Na ulicach Warszawy jest ponad 110 tys. słupów oświetleniowych. – Niestety niektóre z tych latarni są już stare i wyeksploatowane, zaś w wielu lokalizacjach po prostu ich brakuje. Stwarzać to może niebezpieczeństwo zwłaszcza w okresie jesienno-zimowym, kiedy szybko zapada zmrok, a widoczność jest mocno ograniczona. Stąd nasza szczególna aktywność w tym obszarze poprawy bezpieczeństwa pieszych na drogach – mówi Renata Kaznowska, wiceprezydent m.st. Warszawy.
Jaśniej na Krasińskiego. 40 latarni rozświetli jedną z niebezpiecznych ulic Żoliborza
Aktualnie, prace związane z doświetleniem prowadzone są wzdłuż ul. Krasińskiego, na odcinku od Broniewskiego do Powązkowskiej. Jedną z niebezpiecznych ulic Żoliborza będzie oświetlało w sumie 40 latarni. Rozświetlony zostanie również park przy Wojskowym Instytucie Medycyny Lotniczej.
W bardziej zabytkowej części dzielnicy zamontowano nawiązujące do latarń sprzed stu lat Pastorały Warszawskie. Repliki od tego roku rozświetlają m.in. ulicę Krasińskiego oraz aleję Wojska Polskiego. ZDM łącznie zainstalował na Żoliborzu niemal sto pastorałów.
– W warszawskim budżecie nie zabraknie środków na działania infrastrukturalne poprawiające bezpieczeństwo na drogach. Tak było w tym roku i jestem przekonana, że będzie w latach kolejnych. Wszyscy zdajemy sobie sprawę jak ważna jest skala wykonywanych rokrocznie prac. Każda wymieniona oprawa, każda postawiona latarnia zwiększa poczucie bezpieczeństwa – podkreśla Iwona Wujastyk, radna m.st. Warszawy.
„Chcemy by kierujący mogli dostrzec przechodniów”

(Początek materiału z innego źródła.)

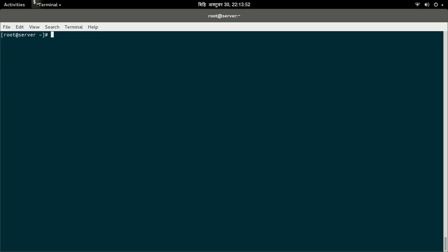The package which is responsible for providing the necessary files to configure the FTP server is the vsftpd package. Let us see whether the vsftpd package has been installed into our system or not by using the rpm command: rpm -q vsftpd. As you can see here, the package vsftpd is not installed, so let us install it.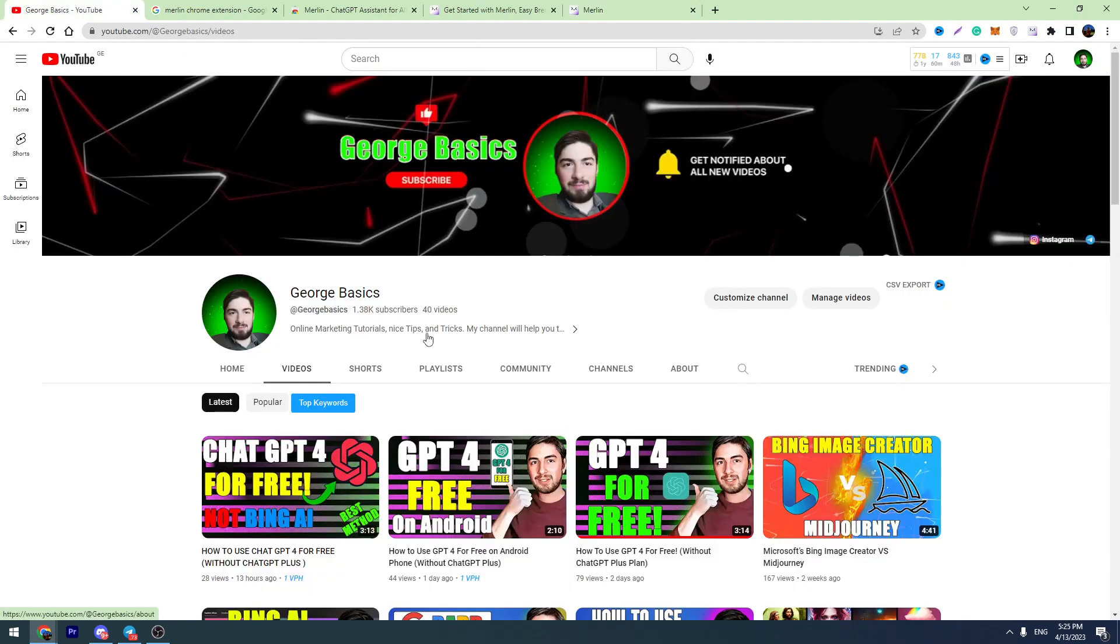So that's all I wanted to show you in this short video. You can install this extension and you can click the like button if you like this video. Thank you for watching. See you in the next video.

W ramach doświetlania jezdni i chodników coraz częściej zabezpieczane są przejścia dla pieszych. Do końca tego roku warszawscy drogowcy doświetlą 362 przejścia, co oznacza, że uda się pobić rekordowe tempo prac z zeszłego roku, kiedy to doświetlonych zostało 337 „zebr”. W ubiegłym roku ofiar śmiertelnych wśród pieszych było 34. W tym roku, choć jego do końca zostało jeszcze 1,5 miesiąca tych ofiar jest 16 – mówi Michał Domaradzki, zastępca dyrektora Biura Polityki Mobilności i Transportu, wskazując jednocześnie, że zmniejszenie liczby wypadków z udziałem pieszych jest efektem doświetlania „zebr”. – Pierwszy raz w historii miasta były miesiące, w których żaden pieszy nie zginął. Był to maj, lipiec i sierpień. Te miesiące pokazują, że „wizję zero” redukującą liczbę wypadków można osiągnąć i na warszawskich drogach nie będą ginąć piesi – tłumaczy Michał Domaradzki.
W tym roku na Żoliborzu rozświetlono łącznie 12 przejść dla pieszych m.in. na ulicy Krasińskiego przy Wisłostradzie, u zbiegu ulic Słowackiego i Czaki, a także ul. Potockiej i Marii Kazimiery.
Miasto w przyszłym roku nadal zamierza kłaść mocny nacisk na efektywne rozświetlanie miasta. – Jesteśmy w trakcie negocjacji z Narodowym Funduszem Ochrony Środowiska, w ramach których staramy się o 15 mln zł na program SOWA polegający na wymianie oświetlenia na nowocześniejsze i energooszczędne. Przyszły rok uzależniony jest od środków finansowych, których jeszcze dzisiaj nie mamy zabezpieczonych, ale wydaje mi się, że w przyszłym roku doświetlimy kolejnych 400 przejść – mówi Łukasz Puchalski, dyrektor ZDM.